Does there exist a topological group which can be covered by (nontrivial and proper) open subgroups of itself? If so, what are groups of these types called and is this a nice property for a topological group to have? Or is this just impossible?

Answer 1

There's $\Bbb Q_p$, the $p$-adic numbers under addition. This is an infinite, locally compact and totally disconnected group. The subgroups $p^n \Bbb Z_p$ for $n\in\Bbb Z$ cover $\Bbb Q_p$ and are open therein (and are compact to book).

Answer 2

It's certainly possible, consider $G = \mathbb{Z}^2$ with the discrete topology. If $x \in G$ is any element, consider $H$ to be the subgroup generated by $x$ (unless $x = 0$ in which case consider $H = \mathbb{Z} \times \{0\}$ for example). It's proper because $G$ has rank $2 > 1$, nontrivial, and open because $G$ is discrete.

If you want an example that's not discrete, consider $G = \mathbb{R} \times \mathbb{Z}^2$ and apply a similar reasoning. I don't know if there's a connected example and I don't know if this property has a name.

Answer 3

(1). An ordered group is a group $G$ with a linear order $<$ such that $a<b\implies ((ac<bc)\land (ca<cb))$ for all $a,b,c \in G$.
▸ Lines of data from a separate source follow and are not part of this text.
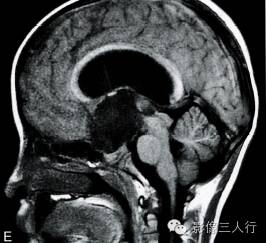 【病例】鞍上池室管膜瘤1例MR影像表现分析 【病例】鞍上池室管膜瘤1例MR影像表现分析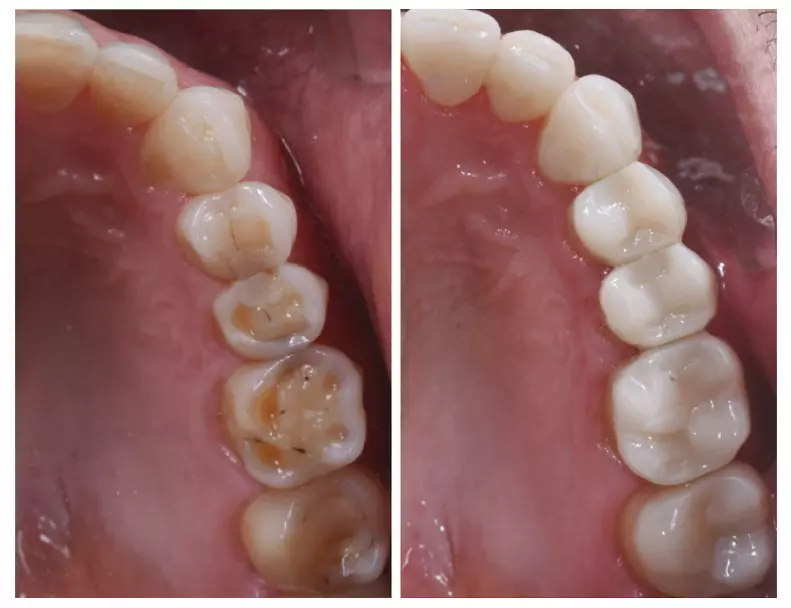 Abb. 26: Vergleich Ausgangssituation und Endergebnis.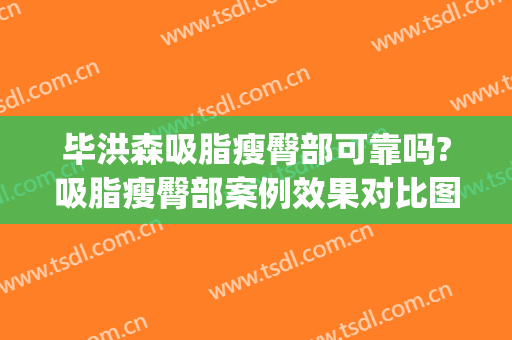 毕洪森吸脂瘦臀部可靠吗?吸脂瘦臀部案例效果对比图_北京大学第三医院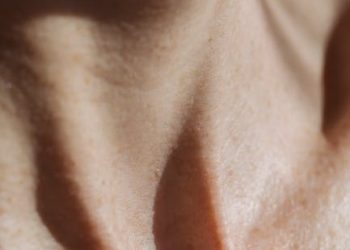 Sensitive Skin Solutions: Gentle Care for Delicate Complexions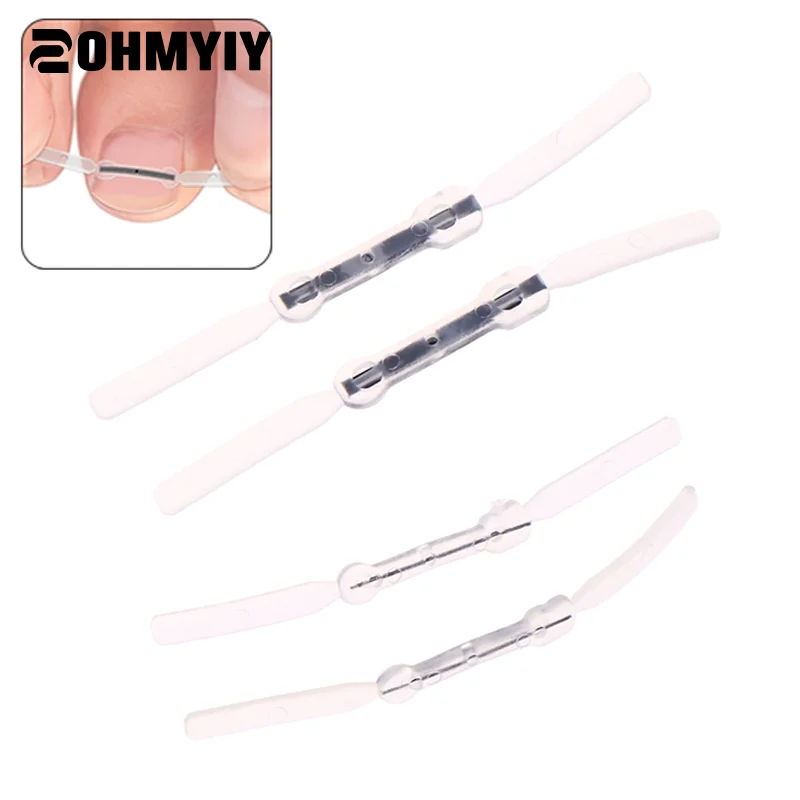 4 ピース/セット陥入爪矯正ツール陥入爪治療弾性パッチステッカー矯正クリップブレースペディキュアツール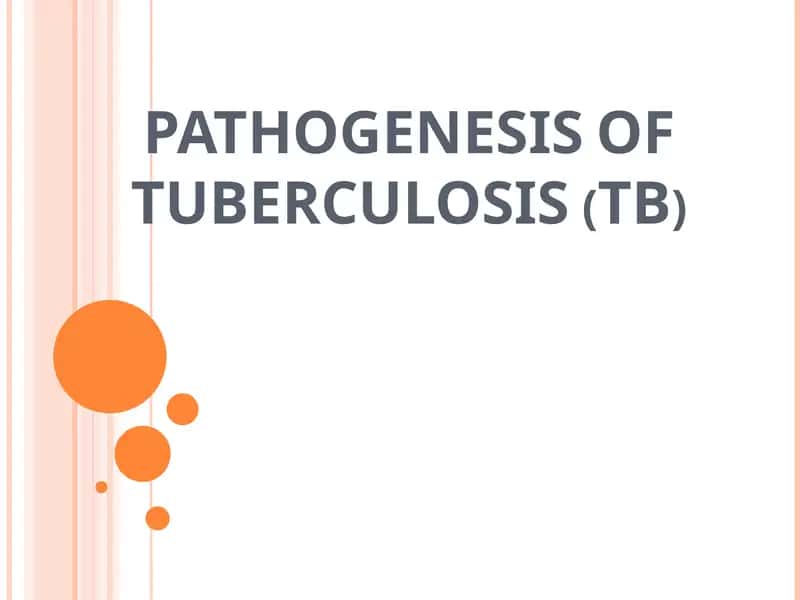 Tuberkuloz (SIL) 1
(2). Consider the free Abelian group $G$ on $\{a_n:n\in \mathbb N\}$ where $m\ne n\implies a_m\ne a_n,$ with identity element $1.$ For $1\ne x\in G$ there is a unique finite non-empty $S\subset \mathbb N$ and unique $\{e_s:s\in S\}\subset \mathbb Z$ \ $\{0\}$ such that $x=\prod_{s\in S}(x_s)^{e_s}.$

We can linearly order $G$ by declaring that $x_1>1$ and that $x_{n+1}>x_n^j$ for all $n, j \in \mathbb N ,$ and applying the rules of (1), whereupon $G$ is an ordered group.

Now let $G$ have the $<$-order topology. Then $G$ is a topological group. Each $G_n=\{y\in G: x_{n+1}^{-1}<y<x_{n+1}\}$ is an open-and-closed proper subgroup of $G.$ Every $y\in G$ belongs to some $G_n.$

Remark. It is not necessary to require, in this example, that $G$ be Abelian. It just enables us to skip some intermediate results that would be needed to justify the claims that $G$ is an ordered group and that $G_n$ is an open proper subgroup.